**INPUT**
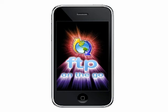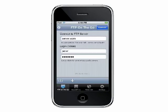This video shows how to navigate files and directories on the server using FTP on the Go. First, you need to connect to your server.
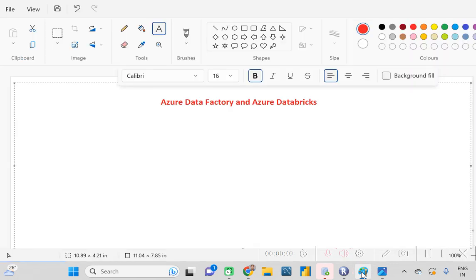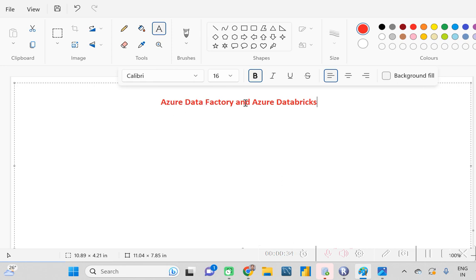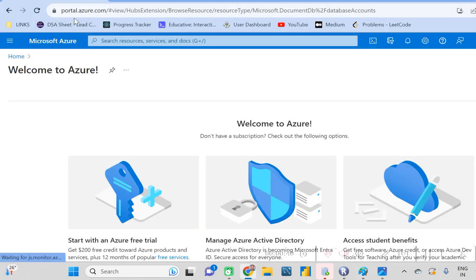Hey guys, welcome back to my channel. Today I am going to cover two topics: what is Azure Data Factory and what is Azure Databricks. Both tools are used for ETL purposes. The main difference from Informatica is that you can access both Azure Data Factory and Azure Databricks through the portal at portal.azure.com, so you only need one login credential.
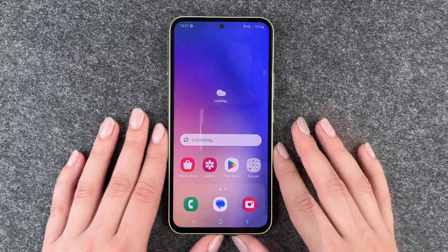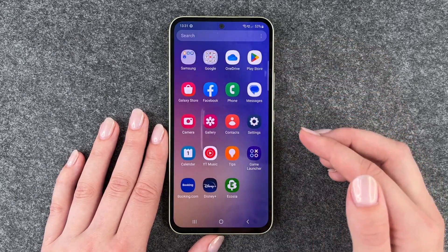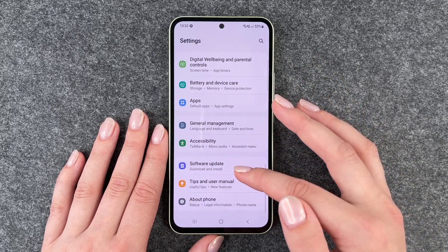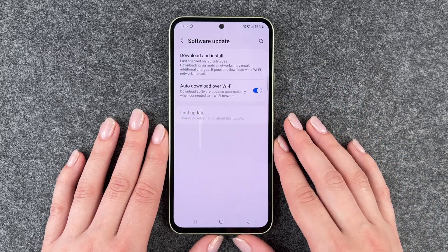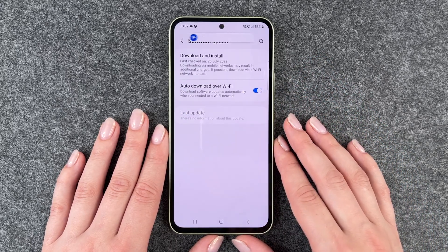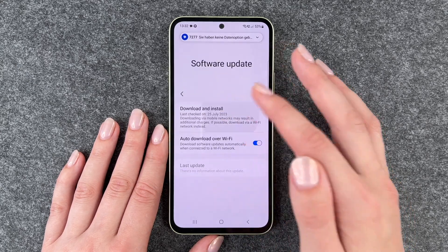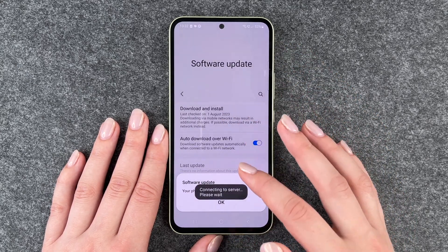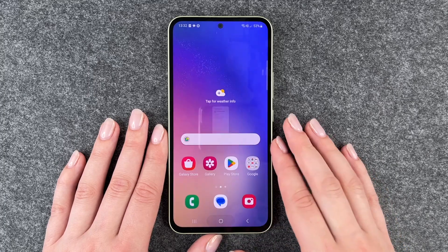Now we're back in the phone and if we go to our settings again and go down to software update and go to download and install, your software is up to date.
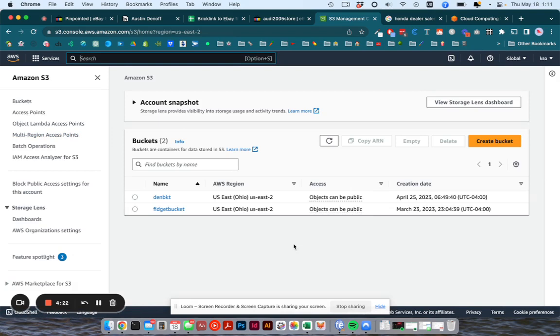And here we're going to set up your folder structure. So you can see here these are my folders so far in my account and they call folders buckets.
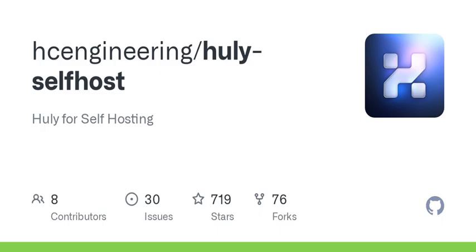Huli is a self-hosted platform, which means you can control your own data and services on your own server. It's a great solution for privacy-minded users. But like any powerful tool, it requires a bit of setup, especially if you're venturing into hosting it yourself.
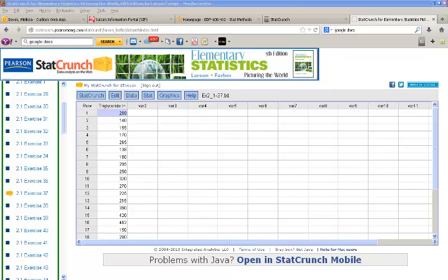In this StatCrunch video, I'm going to show you how to perform tests for one sample. We'll take a look at a test for a mean and a test for a proportion. Let's start with a test for a mean.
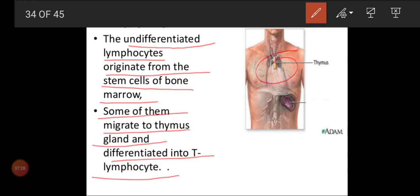The thymus gland is present between the lungs and above the heart region. The thymus will be bigger when a person is a newborn baby until puberty stage — it will be very active and every day it starts to produce so many T lymphocytes. Once a person gets matured, the thymus will shrink and reduce its work. The thymus is a gland where the maturation or differentiation of T lymphocytes occurs, but the formation is in the bone marrow.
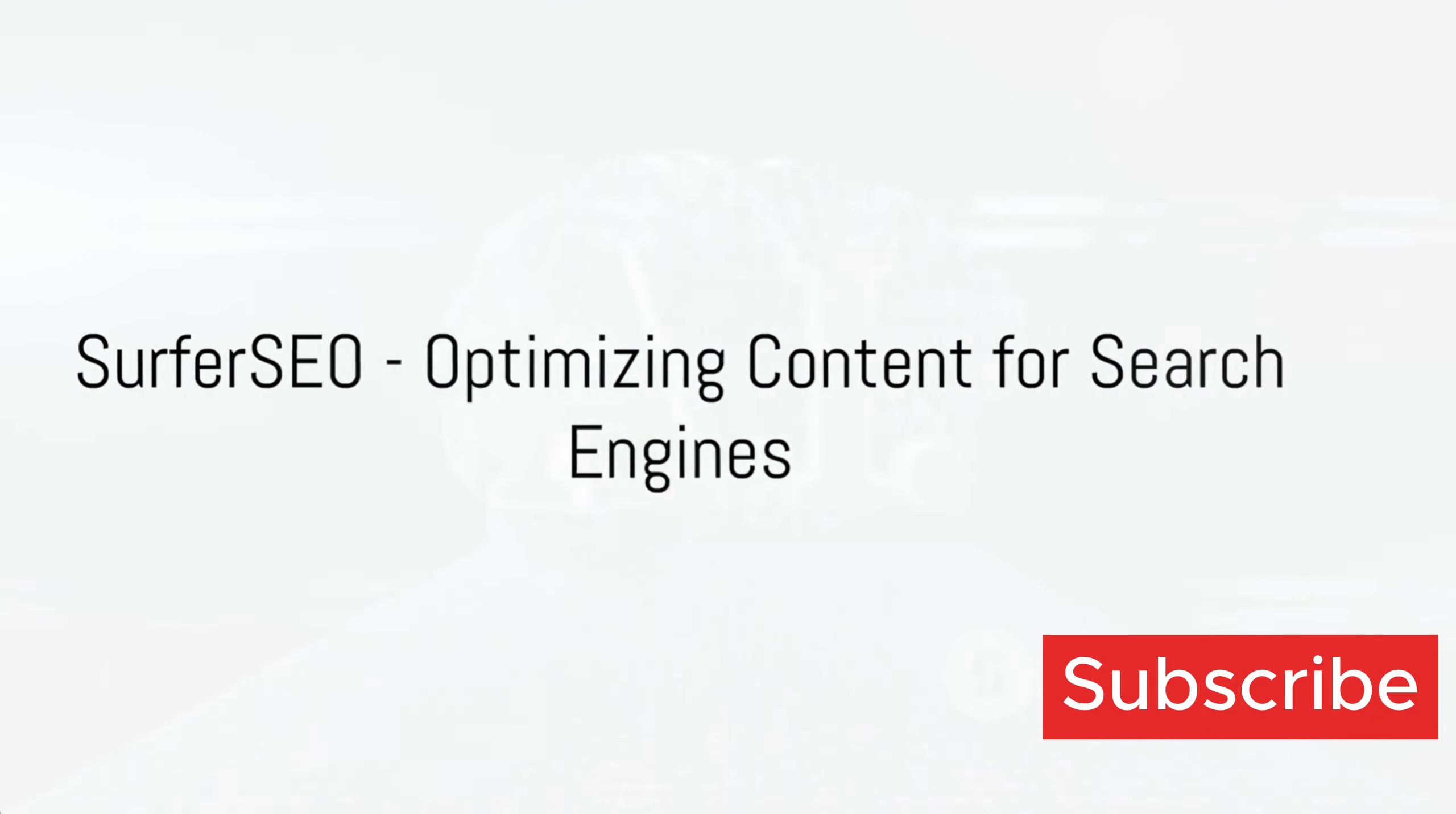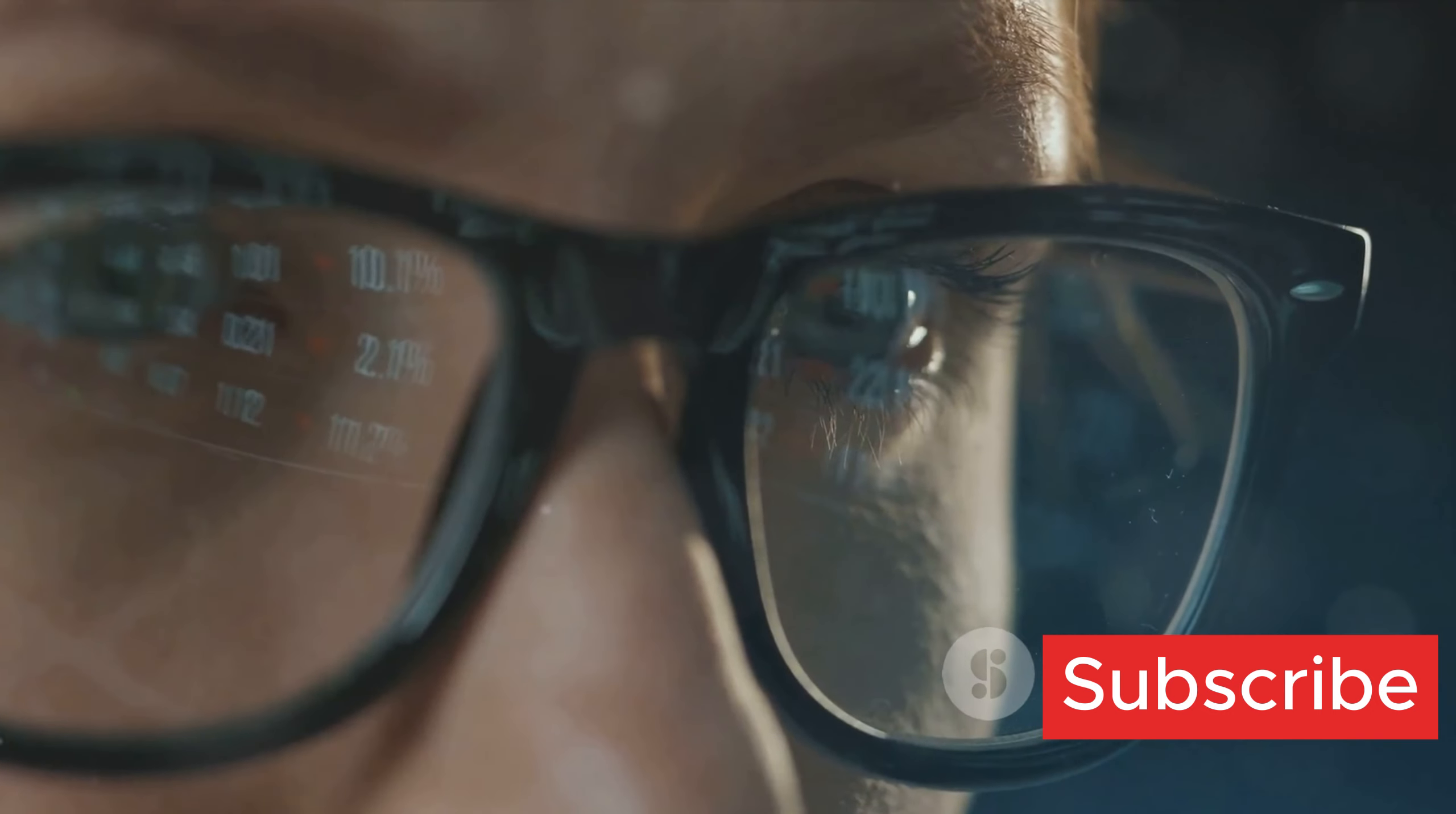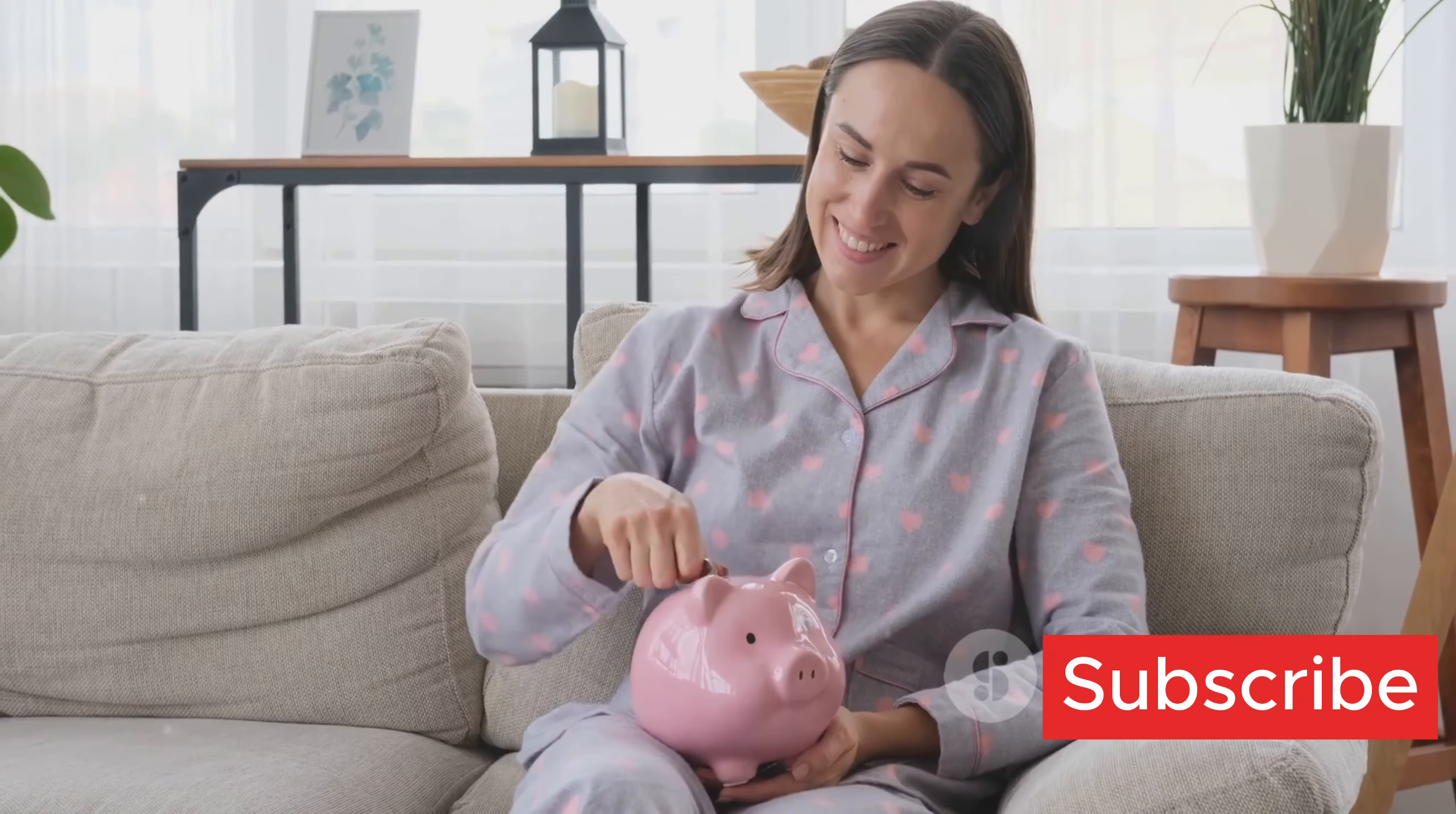Last, but certainly not least, we have Surfer SEO. This tool optimizes your content for search engines, helping you climb the SERPs and get noticed by your target audience. It's like having an SEO expert on your team without the hefty price tag.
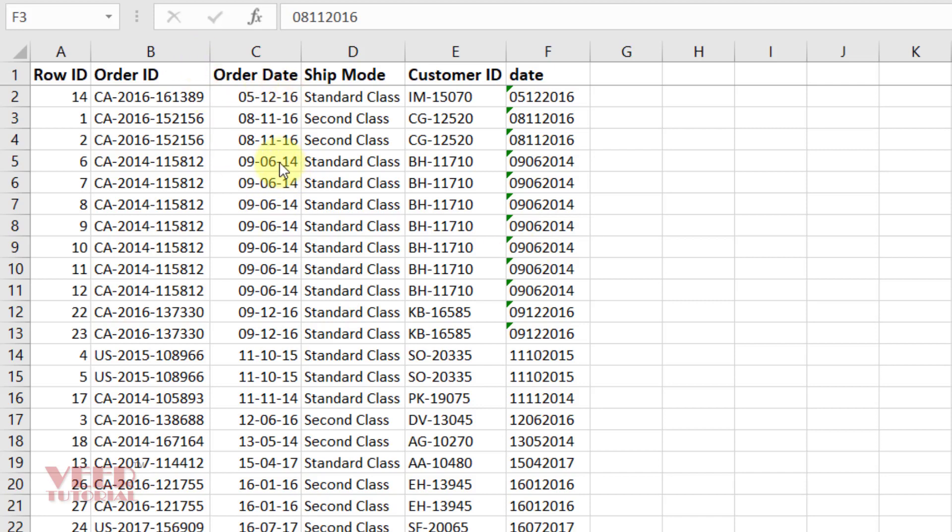And the requirement is the year should be in four digits like 2016. How can we achieve it? So let's start.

**PROBLEM TO SOLVE**
Retype all the data exactly, please, without pictures.

**YOUR SOLUTION**
This video shows how to navigate files and directories on the server using FTP on the Go. First, you need to connect to your server.
Hey guys, welcome back to my channel. Today I am going to cover two topics: what is Azure Data Factory and what is Azure Databricks. Both tools are used for ETL purposes. The main difference from Informatica is that you can access both Azure Data Factory and Azure Databricks through the portal at portal.azure.com, so you only need one login credential.
Now we're back in the phone and if we go to our settings again and go down to software update and go to download and install, your software is up to date.
And here we're going to set up your folder structure. So you can see here these are my folders so far in my account and they call folders buckets.
Huli is a self-hosted platform, which means you can control your own data and services on your own server. It's a great solution for privacy-minded users. But like any powerful tool, it requires a bit of setup, especially if you're venturing into hosting it yourself.
In this StatCrunch video, I'm going to show you how to perform tests for one sample. We'll take a look at a test for a mean and a test for a proportion. Let's start with a test for a mean.
The thymus gland is present between the lungs and above the heart region. The thymus will be bigger when a person is a newborn baby until puberty stage — it will be very active and every day it starts to produce so many T lymphocytes. Once a person gets matured, the thymus will shrink and reduce its work. The thymus is a gland where the maturation or differentiation of T lymphocytes occurs, but the formation is in the bone marrow.
Last, but certainly not least, we have Surfer SEO. This tool optimizes your content for search engines, helping you climb the SERPs and get noticed by your target audience. It's like having an SEO expert on your team without the hefty price tag.
And the requirement is the year should be in four digits like 2016. How can we achieve it? So let's start.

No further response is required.